Perhaps his struggles have slipped under the radar because his team is still doing so well, but Gary Sanchez has had a rough month. His stats since June 23 include a mere three extra-base hits in 88 plate appearances to go along with a .125 AVG and .188 SLG. In the process, his OPS has declined all the way from .973 to .821. Unfortunately, Sanchez’s approach at the place is extremely feel-based and thus feast or famine. When he’s on, most fastballs and offspeed pitches near the middle of the zone are homers. When he’s off, they’re pop-ups and grounders into the shift. Sanchez owners need to get used to the peaks and valleys. He’ll right himself soon enough.
After a tough June in which he failed to hit a home run and totaled a mere six RBIs, Austin Meadows got back on track last week. His 100.6 mph EV on FB/LDs last week raised his season-long average to 95.1, which ranks above the 80th percentile in baseball. Perhaps the most impressive aspect to Meadows’ approach is his ability to put multiple swings on the ball depending on count and pitch type. He ranks in the 94th percentile since 2018 in the share of flares and burners (more weakly hit balls that have a very high expected batting average) while also ranking in the 72nd percentile in barrels. That combination is exceedingly rare and only replicated by impressive fantasy bats like Freddie Freeman, Nicholas Castellanos, David Dahl, and Domingo Santana.

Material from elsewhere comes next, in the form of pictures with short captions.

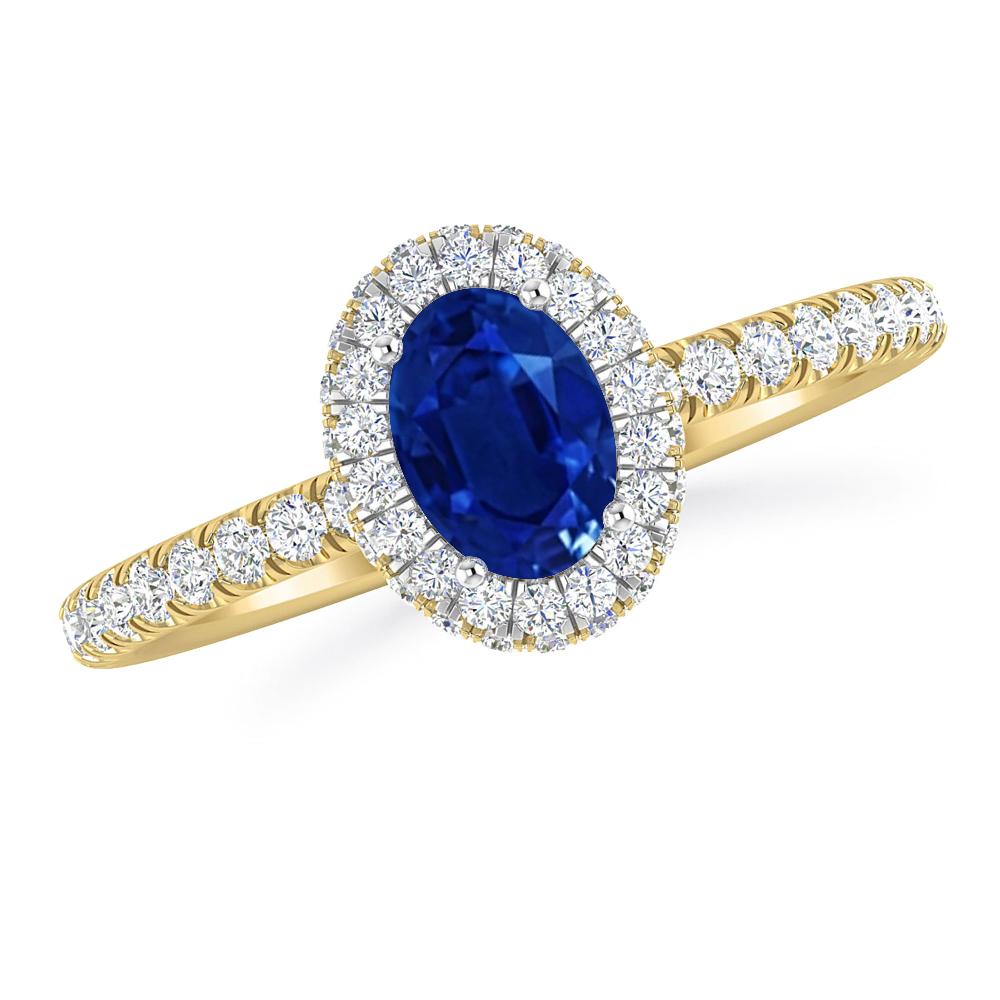 Yellow Gold - Sapphire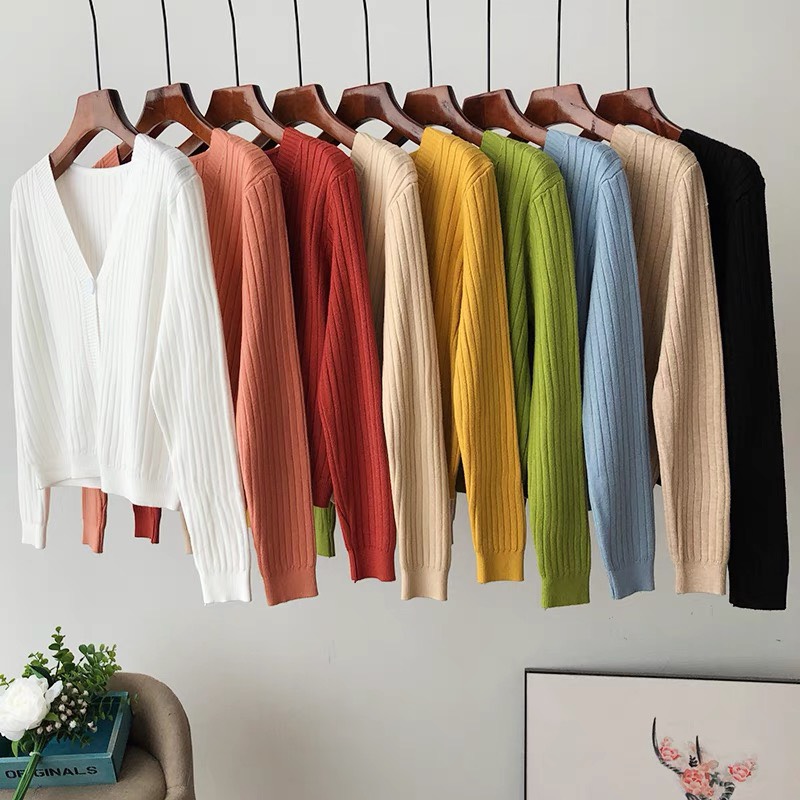 Áo khoác len nữ dáng ngắn Quảng Châu A416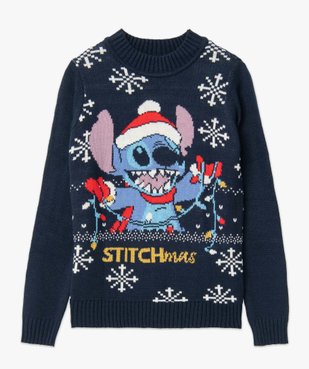 Pull de Noël femme à motif XXL Stitch - Disney vue4 - DISNEY - GEMO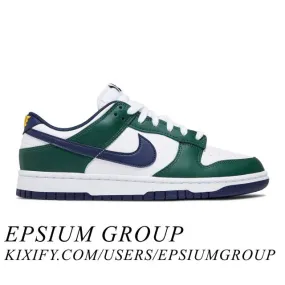 Nike dunk low (fir midnight navy/ green/ fir/ midnight navy/ white/ university gold) men us 8-13 fv6911-300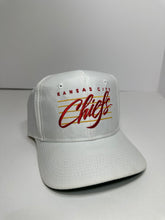Load image into Gallery viewer, Vintage Kansas City Chiefs Split Bar Script Snapback Hat
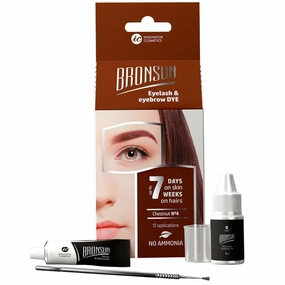 Eyebrow Dye LONG LASTING UP TO 7 DAYS (No4: Chestnunt)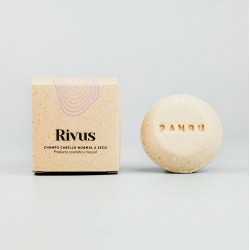 BANBU Organic Solid Shampoo for Normal to Dry Hair RIVUS 75g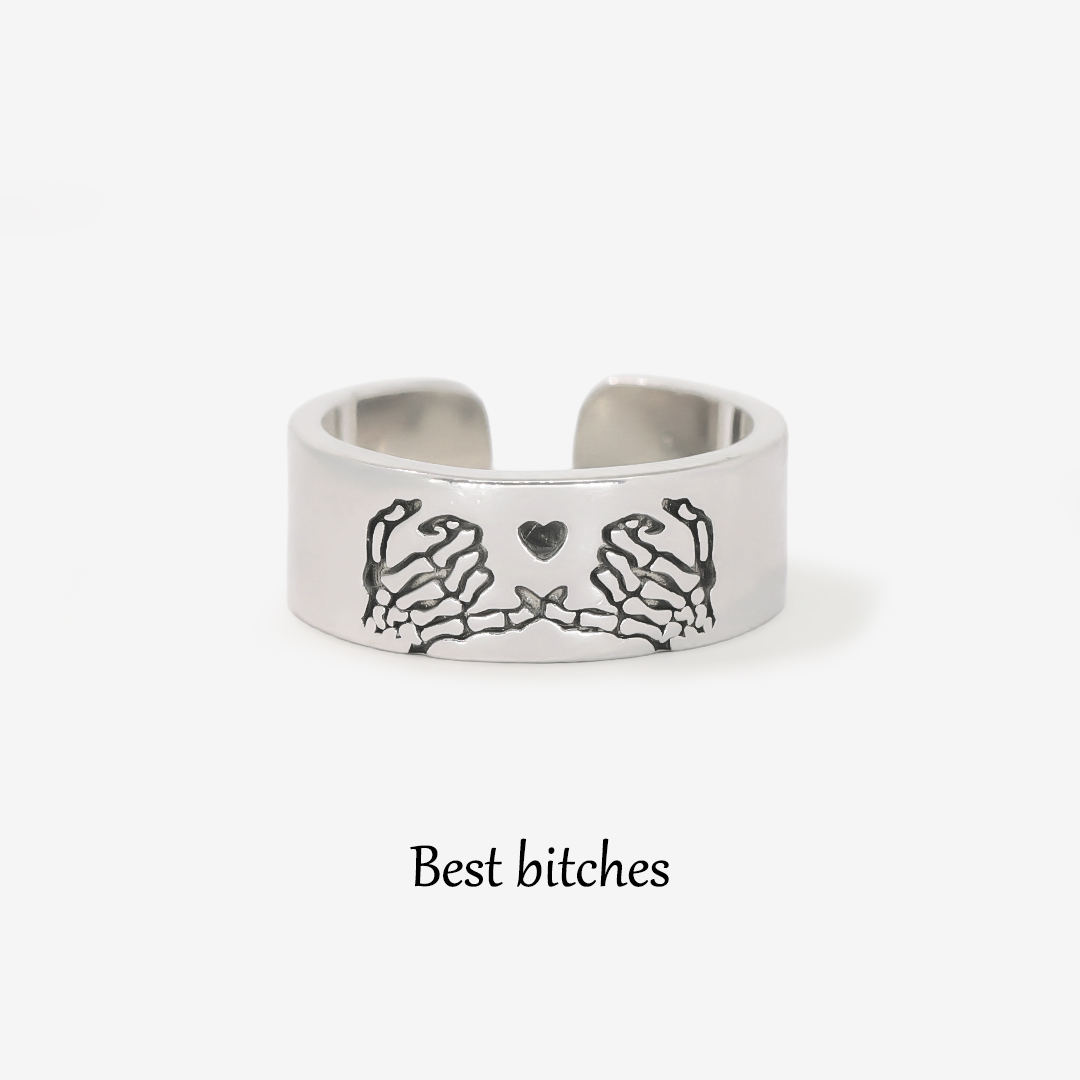 For Friend - I Hope We're Friends Until We Die Ring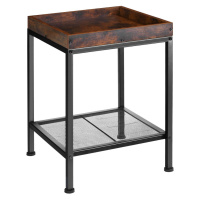 tectake 404265 odkládací stolek rochester 41,5x41x56cm - Industriální dřevo tmavé, rustikální - 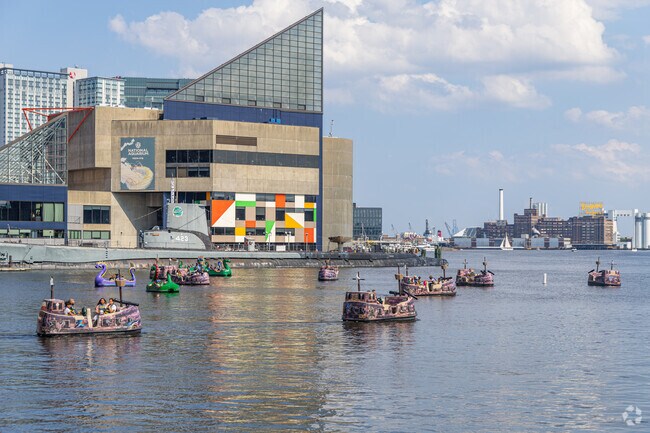 The Inner Harbor is a great spot to chill and have some fun not far from Long Bar Harbor.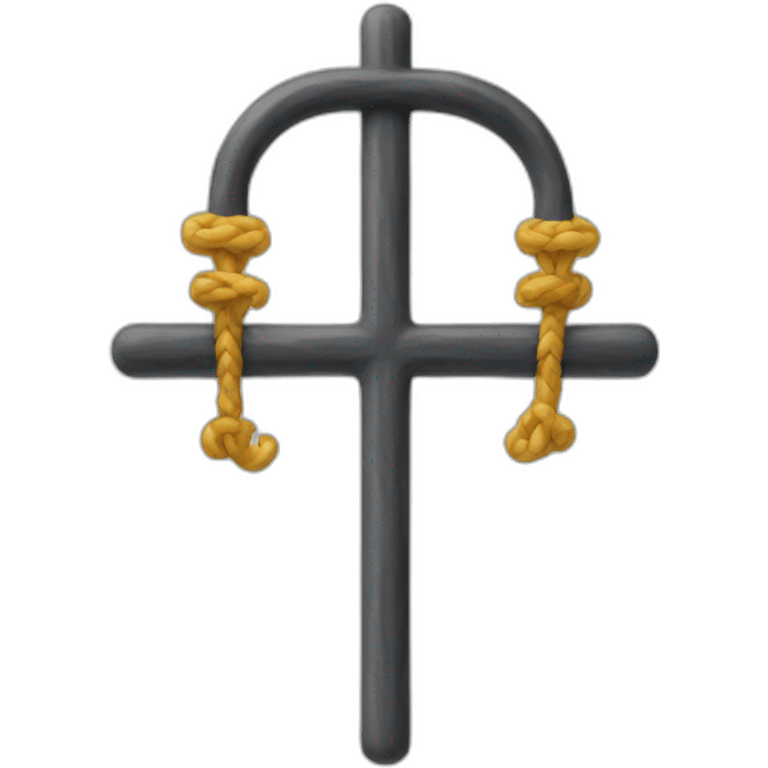 CROSS WITH HOOK  emoji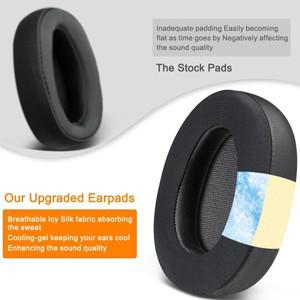 소니 호환 WH-H900N (h.Ear on 2 Wireless)  MDR 100ABN 노이즈 캔슬링용 교체용 이어패드 쿠션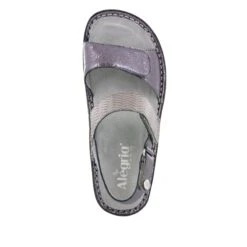 Verona Braided Pewter Sandal 8 Verona Braided Pewter Sandal -Fashion Shoe Store VER 228 S4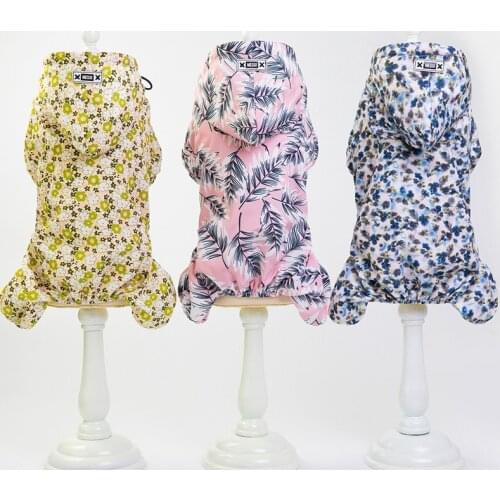 Waterproof Dog Coat for Small Medium Dogs Cute Teddy Rain Jacket Pet Dog Raincoat Bichon Rain Coat Kawaii Pet Dog Jumpsuit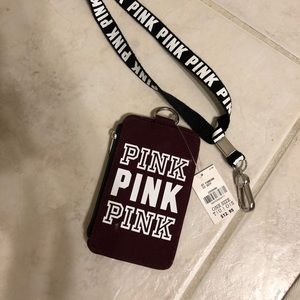 PINK Victoria Secret Wallet and Lanyard
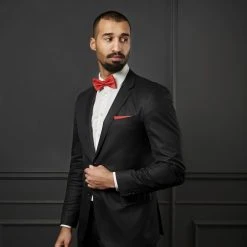 Trendhim Pochette De Costume Classique Rouge -Arkai Atlas Shop rel megashoot bow ties 12522 1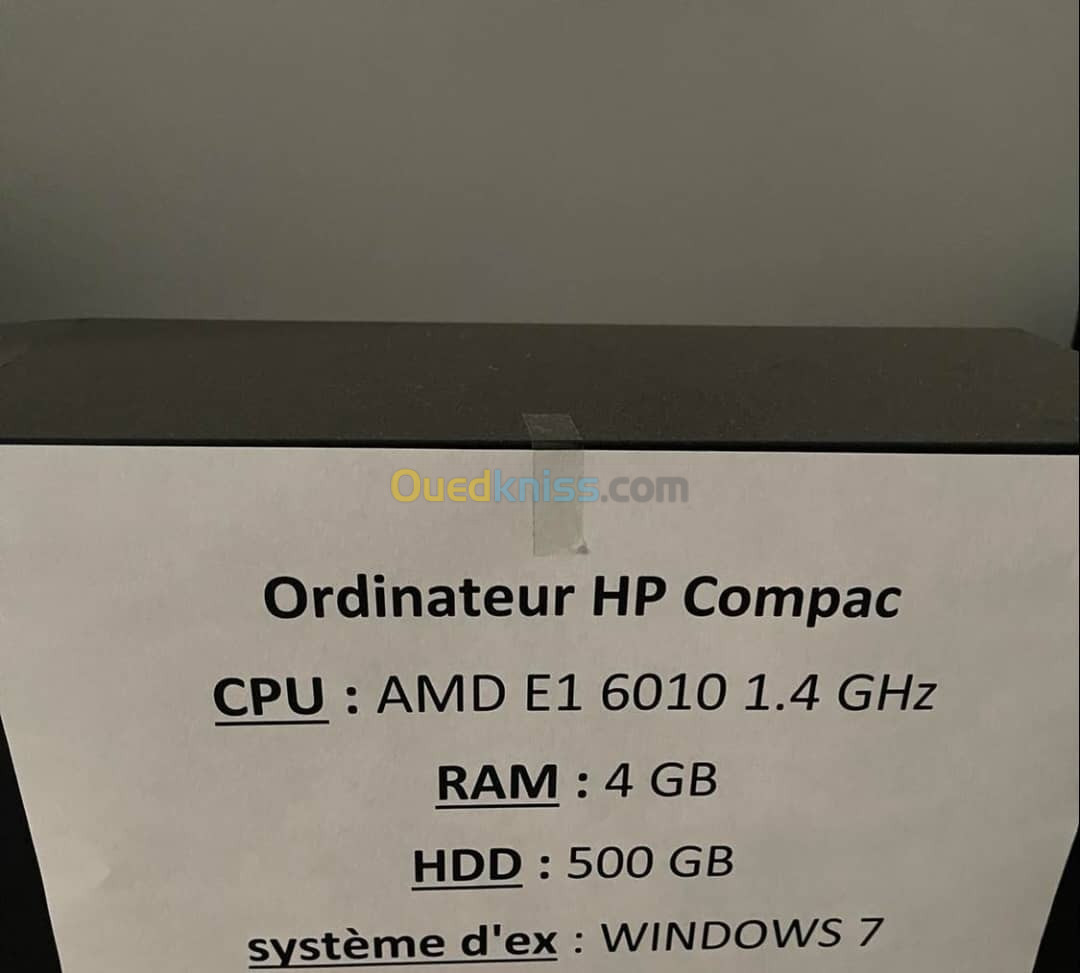 Ordinateur HP compac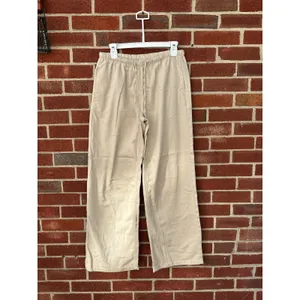Vanilla Star Linen Blend Wide Leg Pull On Pants Beige Womens Small Casual thumbnail 4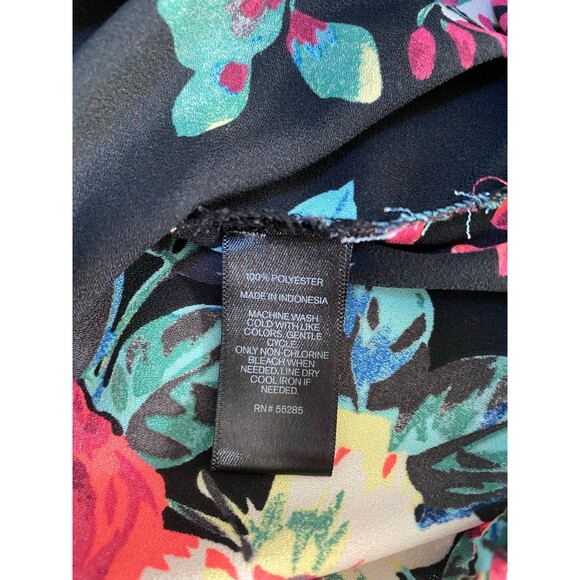 Express Women’s Cold Shoulder Floral Blouse Size Small - Picture 7 of 8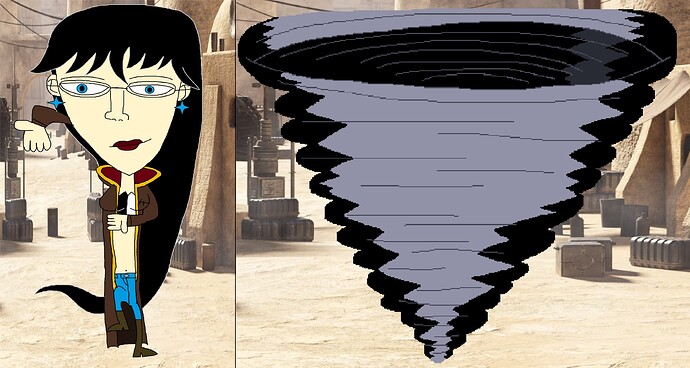 Azel Spinning Tornado 70 !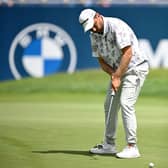 Romain Langasque putts on the ninth green during day one of the BMW International Open at Golfclub Munchen Eichenried in Germany. Picture: Stuart Franklin/Getty Images.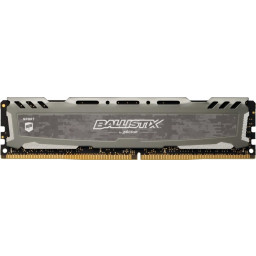 Оперативная память 8Gb 3000MHz Crucial Ballistix Sport LT Grey CL15 DDR4 (BLS8G4D30AESBK) - 1
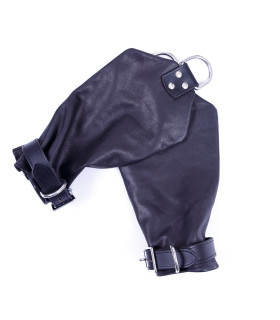 Рукавицы для подвешивания кожа Голландия черная ручная работа - No Taboo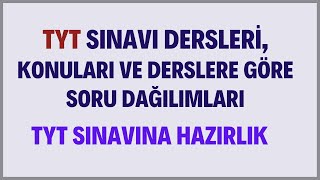 Tyt Sınavı Konuları, Konulara Göre Soru Dağılımı, Tyt Sınavı Hakkında Tüm Bilgiler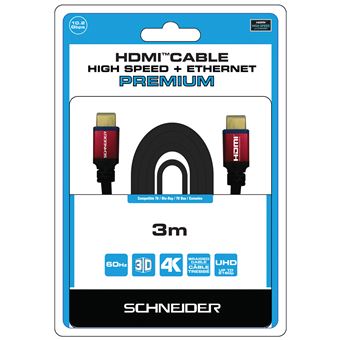 Câble HDMI Générique – Compatible PS3, PS4, PS5, Xbox 360, One, Switch – 1m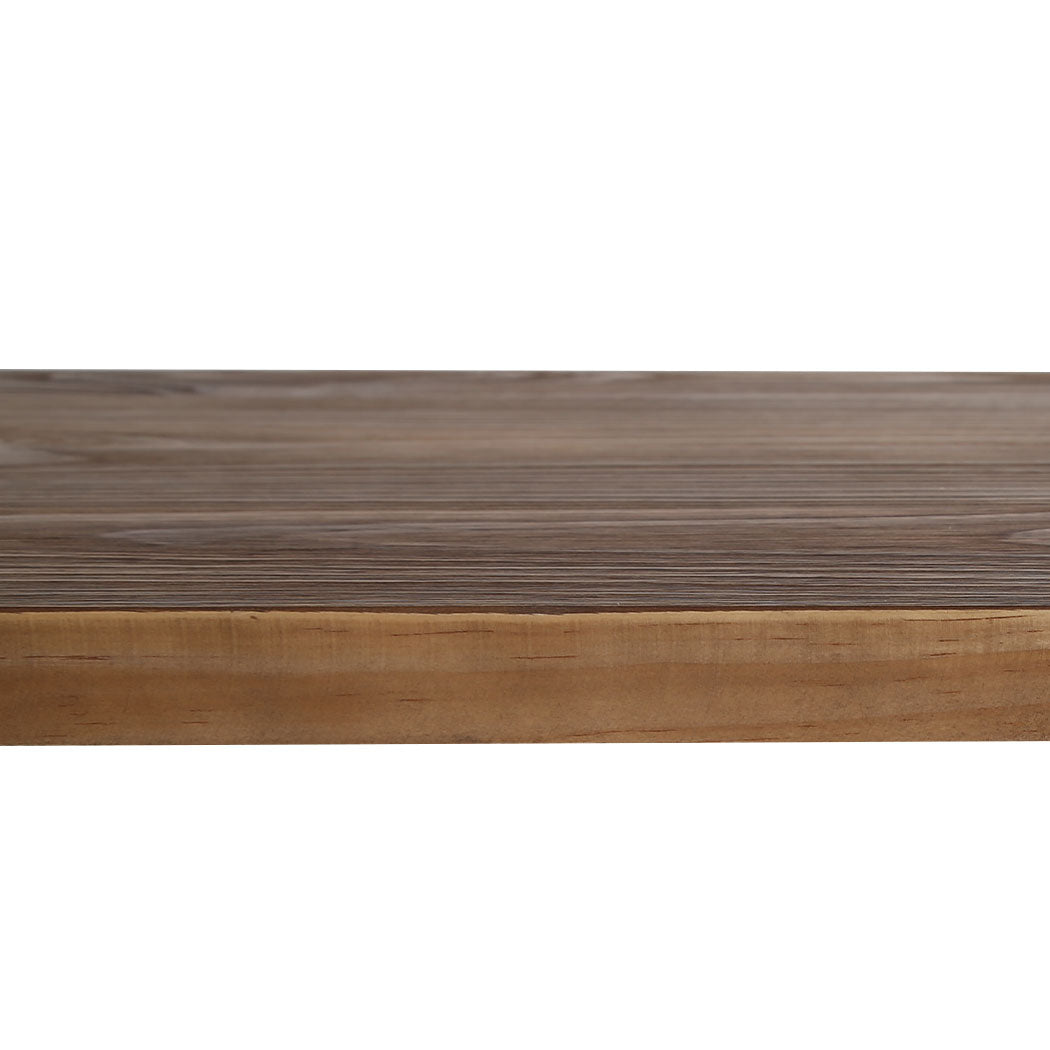 Industrial Wooden Dining Table – Solid Pine & Metal Frame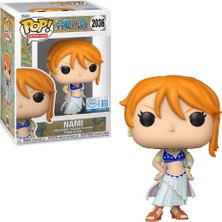 Funko *heo Exclusive Edition* One Piece Pop! Animasyon Vinil Figürler Op- Nami (Alabasta) 9 cm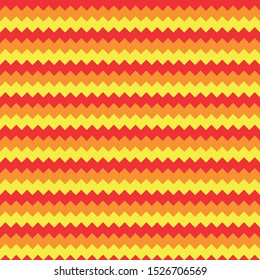 Abstract three color seamless background chevron pattern. Vector illustration.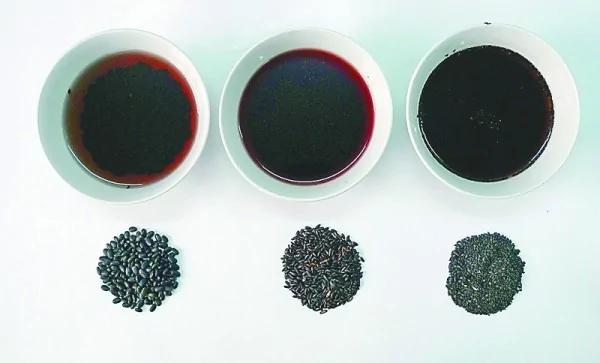 担心染色黑米、黑芝麻?教你10秒钟识别术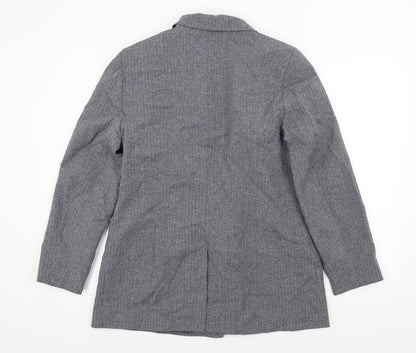Etam Womens Grey Pinstripe  Jacket Suit Jacket Size 16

Jose Abreu is in the midst of a career year from a Statcast perspective. His 15.0% barrel rate is nearly double his previous average while his 50.7% hard-hit rate is easily a career-best. Unfortunately, his 109 wRC+ is his worst showing to date. What gives? For starters, Abreu’s plate discipline is worse this year, highlighted by a 0.21 BB/K ratio that is a down from a level previously closer to 0.35. Moreover, his wOBA trails his xwOBA by 20 points, indicating that he’s been the recipient of some poor batted-ball luck. But there’s good news. Abreu’s 24.6% whiff rate is largely the same as previous years, indicating that his strikeouts should decrease in the near future. Additionally, if he continues to sting the ball, he will begin finding more hits.